Las gafas de Benzema
Me desborda un alma de futbolista en el cuerpo de un cuatroojos. Malditas gafas. Desde que me las pusieron de niño, con siete años, lloraba en mi almohada por las noches pensando que no iba a ser jugador de fútbol. Todo por culpa de las dichosas antiparras. ¿Dónde se había visto un futbolista con gafas? Mi padre me tranquilizaba recordando a Rinus Israel, el miope del Feyenoord y la Naranja Mecánica, pero ni siquiera el antifaz de Abdul Jabbar me animaba. Y odiaba a Agnan, el compañero repelente del pequeño Nicolás de Goscinny y Sempé, que ni jugaba al balón ni podía pelear con sus anteojos. Cuando el estigma de gafotas iba camino de convertirse en cliché de empollón, a punto de que me ahogase la riada de la cultura enfrentada al fútbol, conseguí unas gafas de nylon azules con cristales plásticos que no quebraban, me las até por detrás de las orejas con una goma, y empecé a cubrir etapas en el fútbol. A los trece lloré también, pero fue de ilusión con las primeras lentes de contacto. Parecía un milagro, marcar goles con nitidez.

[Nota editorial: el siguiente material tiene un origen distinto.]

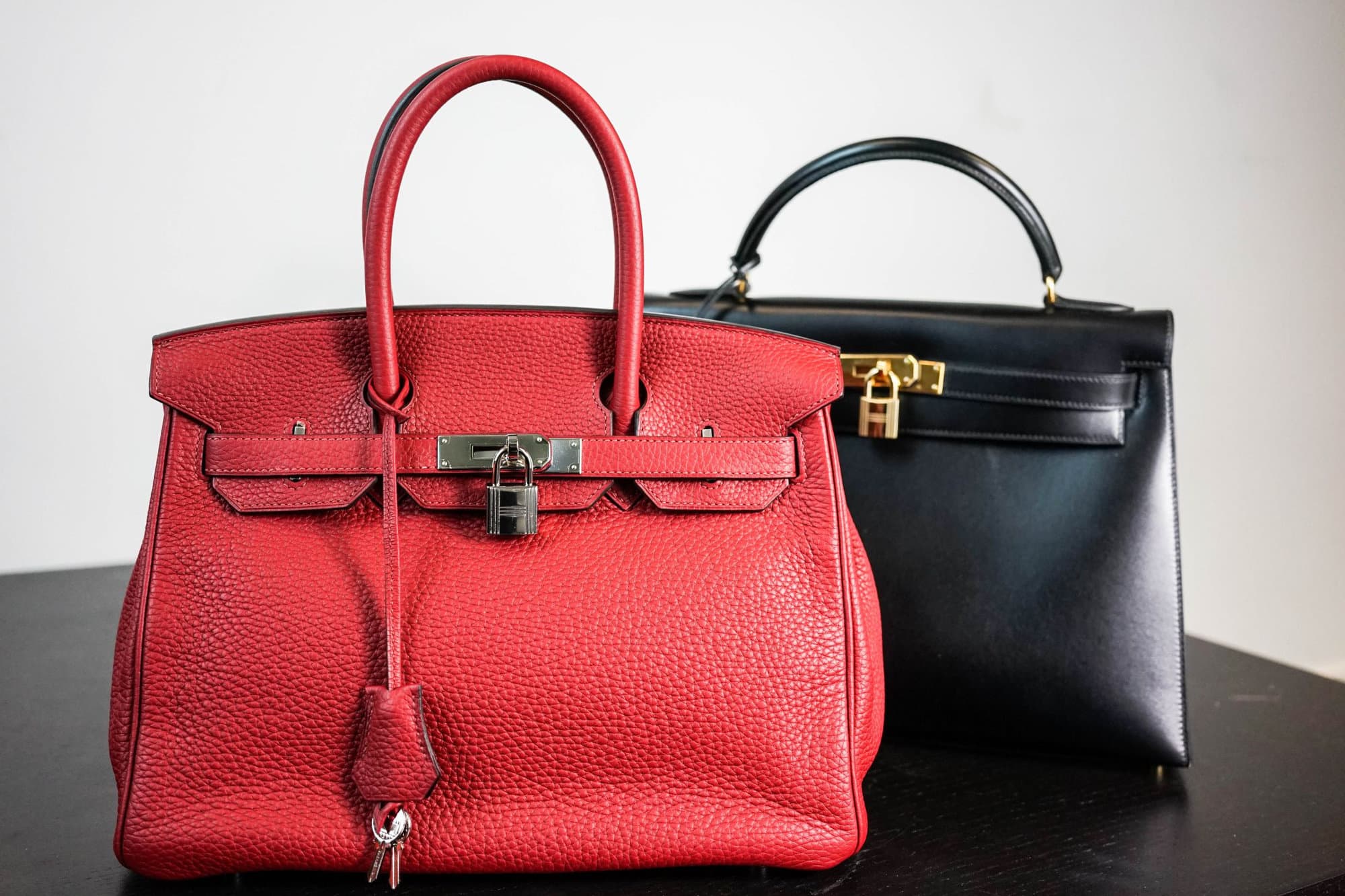 Hermès Birkin vs Kelly: What are the differences between the two iconic bags?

Otros genios jugaron con ellas y las lucieron en sus mejores galas, pero al ser el primero en coronarse con las gafas puestas como mejor futbolista del mundo, además de honrar al rapero Tupac Shakur, Karim Benzema ha roto décadas de prejuicios hacia la imagen del intelecto opuesto al fútbol. Qué importa que no lea ni escriba: la misma semana en que se premia su juego delicado y talentoso, renovado por un carácter competitivo que no habíamos intuido, una selección española de escritores disputó el primer partido de fútbol de su historia contra una Mannschaft de autores alemanes. Almas de futbolista, cuerpos de cuatroojos, cerebros retorcidos y libros en la mochila. Las gafas de Benzema, lentes con las que ahora nos gusta ver este deporte, acompañaron a la Cervantina durante la Feria del Libro de Frankfurt. Con lentillas, mirando de reojo la foto de Karim gafotas con el Balón de Oro, pese a la derrota, volví a ser futbolista. Por el niño con gafas que sigo siendo.